Dadas essas incertezas, o uso da água subterrânea tem sido proibido em regiões que já têm rede pública (Lei Federal de Saneamento No 11.445/2008, reinterpretada pela Lei No 7217). Embora esta lei seja meritória, deve-se considerar as limitações que as concessionárias enfrentam para suprir a demanda total de água. Sua aplicação em cidades brasileiras é pouco realista, pois os poços privados desempenham um importante papel para a segurança hídrica urbana. Além disso, o abandono desses poços causaria elevação no nível freático, o que é um risco para as obras urbanas civis3.

Por uma convivência pacífica com o uso das águas subterrâneas

As águas subterrâneas não recebem a devida atenção por parte dos órgãos gestores, pois a sociedade subestima a importância desse recurso.
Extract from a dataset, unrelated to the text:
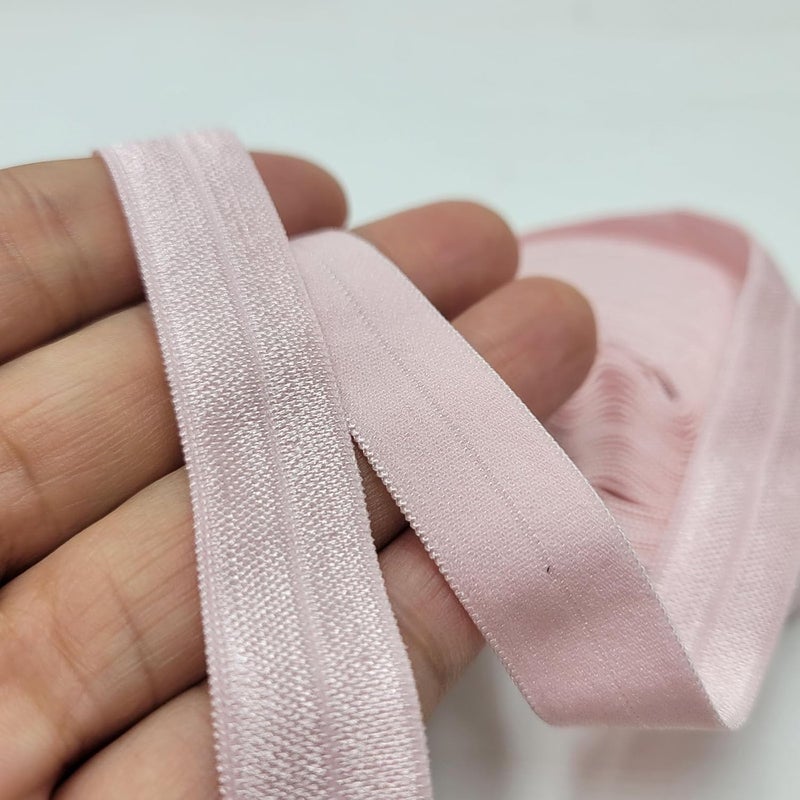 FAYADA Fold Over Elastic,5/8" Foldover FOE Trim Elastic Ribbon,Stretch FOE Band for Hair Ties Headbands Sewing Craft -5 Yards (Nude Pink) - Image 3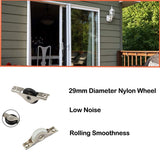 2Pcs 30mm/1.14" Dia Screen Door Rollers Nylon Black Sliding Wheel Electroplating Sliding Wheel with Stainless Steel Shell Garage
Dado o grande potencial dos aquíferos para fornecer ainda mais água, é necessário que o Estado assuma uma postura de parceiro dos usuários, orientando-os e implemente ações de proteção, incluindo:

  1. Esclarecimento da importância das águas subterrâneas para o abastecimento público e privado, bem como para o ambiente e o bem estar social;

  2. Instituição de um programa de comunicação social que vise estimular a regularização dos poços e conscientize os usuários público e privado sobre as boas práticas para o uso correto da água subterrânea;

  3. Exigência de que as normas da ABNT, para construção de poços tubulares, sejam cumpridas e de que os pedidos de autorização, para perfuração de novos poços, sejam precedidos de estudos sobre riscos de contaminação e de superexploração do aquífero;

  4. Orientação dos usuários, através de canais de serviço ao usuário, com relação ao auto-monitoramento da água dos seus poços, a fornecer dados sobre a operação do poço de forma sistemática, e a comunicar eventuais problemas à Vigilância Sanitária;

  5. Capacitação dos órgãos governamentais para orientar, gerenciar e fiscalizar o uso dos recursos hídricos subterrâneos;

  6. Compatibilização do planejamento territorial com a disponibilidade dos recursos hídricos subterrâneos, fazendo com que este recurso seja tratado de forma correta nos planos de governo e das bacias hidrográficas.

REFERÊNCIAS

1. Ministério das Cidades. Diagnóstico dos serviços de água e esgoto. SNIS (2014), 20o edição. Brasília. 2016; 212pp.
2. Agência Nacional das Águas. Atlas Brasil Abastecimento urbano de água [cited 2016 Oct 28] Available from: ].
3. Hirata, R; Foster, S; Oliveira, F. Águas subterrâneas urbanas no Brasil. Instituto de Geociências, FAPESP. São Paulo. 2016. 111pp.